Cousins

Cousins share a pair of grandparents. Second cousins share a pair of great-grandparents.

This leads to some interesting and non-trivial puzzles. For example, as you go up from second cousin to third cousin to fourth cousin, on the average, how many nth cousins do you have?

What kind of curve describes the rate of increase? Is there any reasonable way of figuring this out?

Research versus demo

If you spend years working in an area of research, that activity starts to become its own little world. And like any human world, that world begins to develop its own language and culture.

A problem and then arise when you try to explain your work to others. From the perspective of many listeners, you are speaking an alien language. At best they try their best to understand that language. At worst, they are resentful of how your well meaning explanation is, in a sense, making them feel illiterate.

Which is why it is important to distinguish between the research and the demo. A demo does not try to explain things fully. Rather, it tries to communicate why what you have been working on is meaningful or important to others.

One of the hardest things to do in research is to separate yourself from all of those technical details that you are so proud of, and think about what you’ve been doing might mean to others. Once you can do that, you can start to design a great demo.

All my failures

Many years ago, a Ph.D. student of mine subtitled his Doctoral dissertation “All My Failures”. Over the years I have come to understand how profoundly on target that statement was.

The nature of successful science is to embrace failure. Sure, we can celebrate the “Eureka” moment, but most of science is about doggedly trying things, and knowing that most of the things you try will fail.

Those failures are at least as important as the occasional successes. If you don’t understand the ways up the mountain that don’t lead to the top, you can’t really understand the mountain.

That student’s thesis was well written not just because he demonstrated some successful results (which he did), but because he also described the places of failure — the many experiments that did not work out. And sometimes it is in the understanding of those places that the deepest truths can be found.

Don’t Let SCOTUS OutVote Us

On Thursday July 27 our Supreme Court issued a set of rulings that severely weakened the ability of Federal agencies to protect
U.S. citizens.

On that day I thought up the slogan “Don’t Let SCOTUS OutVote Us.”

This was actually one day before another Supreme Court ruling essentially set up Donald Trump to become a dictator in January 2025. I know that sounds crazy, but if you study the January 28 decision, you will see that it is quite literally true.

That ruling will place Trump above the law and answerable to nobody for any act, no matter how venal or corrupt or harmful, as long as he can claim “I’m doing this in my official capacity as president.”

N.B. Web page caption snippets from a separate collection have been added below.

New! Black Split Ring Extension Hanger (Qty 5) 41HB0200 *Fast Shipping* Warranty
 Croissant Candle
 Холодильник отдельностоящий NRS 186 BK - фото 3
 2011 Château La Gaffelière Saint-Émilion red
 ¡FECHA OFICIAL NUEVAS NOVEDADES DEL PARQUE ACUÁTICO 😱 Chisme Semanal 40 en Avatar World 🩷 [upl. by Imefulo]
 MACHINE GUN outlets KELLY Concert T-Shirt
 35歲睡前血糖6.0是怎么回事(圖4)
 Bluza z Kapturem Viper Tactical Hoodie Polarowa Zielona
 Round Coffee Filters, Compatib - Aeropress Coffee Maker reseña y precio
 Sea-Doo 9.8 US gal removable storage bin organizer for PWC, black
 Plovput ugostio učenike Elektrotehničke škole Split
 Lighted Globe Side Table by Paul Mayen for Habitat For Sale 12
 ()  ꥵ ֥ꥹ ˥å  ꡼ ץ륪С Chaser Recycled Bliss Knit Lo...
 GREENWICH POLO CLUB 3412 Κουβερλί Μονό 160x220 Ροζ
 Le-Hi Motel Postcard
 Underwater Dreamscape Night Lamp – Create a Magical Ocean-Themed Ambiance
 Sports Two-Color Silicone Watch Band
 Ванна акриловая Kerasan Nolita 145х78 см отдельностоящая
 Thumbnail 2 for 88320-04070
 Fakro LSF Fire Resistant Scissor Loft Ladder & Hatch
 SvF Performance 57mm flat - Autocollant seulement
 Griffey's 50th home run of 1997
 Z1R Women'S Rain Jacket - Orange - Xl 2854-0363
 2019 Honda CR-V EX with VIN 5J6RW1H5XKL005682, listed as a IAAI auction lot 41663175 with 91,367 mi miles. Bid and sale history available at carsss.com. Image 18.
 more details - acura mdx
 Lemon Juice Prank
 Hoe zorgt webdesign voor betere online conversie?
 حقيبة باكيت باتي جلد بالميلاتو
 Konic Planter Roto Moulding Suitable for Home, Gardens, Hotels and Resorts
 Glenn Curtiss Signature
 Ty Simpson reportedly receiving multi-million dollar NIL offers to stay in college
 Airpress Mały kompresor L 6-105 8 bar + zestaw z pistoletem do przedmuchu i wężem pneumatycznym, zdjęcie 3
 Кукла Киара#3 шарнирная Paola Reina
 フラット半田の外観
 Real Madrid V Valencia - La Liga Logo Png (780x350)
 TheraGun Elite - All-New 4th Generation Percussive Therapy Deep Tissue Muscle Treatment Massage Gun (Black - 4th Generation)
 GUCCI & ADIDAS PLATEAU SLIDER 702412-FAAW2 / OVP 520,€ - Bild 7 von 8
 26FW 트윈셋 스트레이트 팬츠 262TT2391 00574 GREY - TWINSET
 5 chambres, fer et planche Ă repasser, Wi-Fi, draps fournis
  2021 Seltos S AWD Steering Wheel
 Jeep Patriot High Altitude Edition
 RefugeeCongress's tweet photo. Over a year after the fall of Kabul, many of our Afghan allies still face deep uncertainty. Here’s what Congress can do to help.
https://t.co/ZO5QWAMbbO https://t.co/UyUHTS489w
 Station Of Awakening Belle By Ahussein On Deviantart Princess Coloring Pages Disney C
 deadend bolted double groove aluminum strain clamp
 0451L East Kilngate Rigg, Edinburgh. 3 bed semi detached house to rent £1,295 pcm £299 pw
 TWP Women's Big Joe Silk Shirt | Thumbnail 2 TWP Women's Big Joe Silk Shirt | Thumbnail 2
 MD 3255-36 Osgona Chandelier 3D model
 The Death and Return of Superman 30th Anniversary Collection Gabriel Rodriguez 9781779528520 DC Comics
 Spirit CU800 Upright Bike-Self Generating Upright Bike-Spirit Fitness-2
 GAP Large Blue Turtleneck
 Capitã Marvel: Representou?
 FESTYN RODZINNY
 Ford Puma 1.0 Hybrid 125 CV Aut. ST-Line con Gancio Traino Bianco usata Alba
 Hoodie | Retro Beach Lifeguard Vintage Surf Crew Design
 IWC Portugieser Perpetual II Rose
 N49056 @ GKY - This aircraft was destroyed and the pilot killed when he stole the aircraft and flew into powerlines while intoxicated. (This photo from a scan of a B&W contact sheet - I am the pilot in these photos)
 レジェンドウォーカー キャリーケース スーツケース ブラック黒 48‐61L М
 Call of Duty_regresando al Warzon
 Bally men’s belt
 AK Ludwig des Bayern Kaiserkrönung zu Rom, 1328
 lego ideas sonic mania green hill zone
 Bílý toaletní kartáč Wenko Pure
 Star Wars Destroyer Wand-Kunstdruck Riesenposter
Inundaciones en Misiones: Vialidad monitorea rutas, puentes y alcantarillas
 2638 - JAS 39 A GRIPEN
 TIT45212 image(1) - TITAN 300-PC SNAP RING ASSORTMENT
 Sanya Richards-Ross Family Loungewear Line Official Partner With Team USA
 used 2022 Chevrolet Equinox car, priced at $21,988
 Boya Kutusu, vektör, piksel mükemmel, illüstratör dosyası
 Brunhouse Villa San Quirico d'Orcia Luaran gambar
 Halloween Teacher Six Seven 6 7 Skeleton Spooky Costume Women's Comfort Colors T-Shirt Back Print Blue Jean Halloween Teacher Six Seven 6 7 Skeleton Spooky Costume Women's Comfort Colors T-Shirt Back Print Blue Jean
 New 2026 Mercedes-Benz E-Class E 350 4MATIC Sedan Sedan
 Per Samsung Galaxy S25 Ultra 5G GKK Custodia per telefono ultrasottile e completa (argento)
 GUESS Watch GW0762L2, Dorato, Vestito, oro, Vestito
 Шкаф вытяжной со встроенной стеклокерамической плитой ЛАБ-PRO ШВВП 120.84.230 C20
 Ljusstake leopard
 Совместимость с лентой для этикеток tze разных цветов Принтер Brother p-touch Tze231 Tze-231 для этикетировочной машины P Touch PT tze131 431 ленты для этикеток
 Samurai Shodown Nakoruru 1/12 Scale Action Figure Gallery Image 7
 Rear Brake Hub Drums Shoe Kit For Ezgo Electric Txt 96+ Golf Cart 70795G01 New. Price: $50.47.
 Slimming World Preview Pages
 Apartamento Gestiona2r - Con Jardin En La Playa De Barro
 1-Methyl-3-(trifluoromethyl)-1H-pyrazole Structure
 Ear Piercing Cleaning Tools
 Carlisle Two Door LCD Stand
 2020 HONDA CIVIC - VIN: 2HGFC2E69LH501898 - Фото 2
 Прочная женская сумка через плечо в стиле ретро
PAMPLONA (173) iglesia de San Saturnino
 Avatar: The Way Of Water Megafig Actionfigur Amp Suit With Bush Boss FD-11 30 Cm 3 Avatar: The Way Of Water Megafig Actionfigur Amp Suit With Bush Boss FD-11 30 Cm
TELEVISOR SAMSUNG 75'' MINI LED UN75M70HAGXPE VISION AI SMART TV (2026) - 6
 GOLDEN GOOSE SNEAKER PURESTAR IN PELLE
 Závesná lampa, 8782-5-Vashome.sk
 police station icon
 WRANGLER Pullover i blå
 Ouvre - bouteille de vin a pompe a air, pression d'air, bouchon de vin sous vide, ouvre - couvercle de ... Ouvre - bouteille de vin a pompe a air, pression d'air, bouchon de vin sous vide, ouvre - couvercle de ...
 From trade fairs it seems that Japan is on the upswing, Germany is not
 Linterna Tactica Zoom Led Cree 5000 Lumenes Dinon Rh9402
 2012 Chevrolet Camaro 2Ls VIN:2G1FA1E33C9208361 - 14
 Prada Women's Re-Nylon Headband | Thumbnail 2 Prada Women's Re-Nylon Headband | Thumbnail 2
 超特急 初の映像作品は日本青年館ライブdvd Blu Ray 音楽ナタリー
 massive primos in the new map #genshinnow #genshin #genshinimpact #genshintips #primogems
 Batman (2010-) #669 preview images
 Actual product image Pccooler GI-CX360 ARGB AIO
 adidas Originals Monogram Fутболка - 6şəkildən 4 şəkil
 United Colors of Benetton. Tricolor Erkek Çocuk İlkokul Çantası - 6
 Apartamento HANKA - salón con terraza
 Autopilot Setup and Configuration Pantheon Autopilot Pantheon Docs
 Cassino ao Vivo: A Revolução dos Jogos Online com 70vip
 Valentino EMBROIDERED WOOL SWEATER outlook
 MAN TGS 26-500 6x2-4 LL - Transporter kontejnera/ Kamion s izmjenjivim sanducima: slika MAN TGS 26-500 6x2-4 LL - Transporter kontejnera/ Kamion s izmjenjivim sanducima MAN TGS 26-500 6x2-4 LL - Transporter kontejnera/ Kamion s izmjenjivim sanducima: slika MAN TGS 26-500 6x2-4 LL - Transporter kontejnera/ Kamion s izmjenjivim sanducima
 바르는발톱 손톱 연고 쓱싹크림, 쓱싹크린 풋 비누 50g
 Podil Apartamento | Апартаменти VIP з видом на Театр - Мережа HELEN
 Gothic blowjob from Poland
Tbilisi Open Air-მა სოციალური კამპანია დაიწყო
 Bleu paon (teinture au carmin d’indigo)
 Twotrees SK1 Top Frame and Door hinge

So now it is even more urgent. U.S. citizens are likely to lose fundamental rights that they have never even questioned before, as we careen toward becoming a authoritarian state. Imagine that — six people just summarily took away the rights of 300 million people.

To paraphrase Sinclair Lewis, it can happen here.

Shirley Knight

Today would have been the 86th birthday of the great actress Shirley Knight. Alas, she passed away in 2020, at the age of 83.

She was one of those brilliant actors who always make the films they are in much better by making the other people in the cast look good. Tom Wilkinson was like that as well.

I had the great good fortune to meet her some years back, and we got to talking about movies. At one point I mentioned her role as Beverly in the 1997 film As Good as It Gets.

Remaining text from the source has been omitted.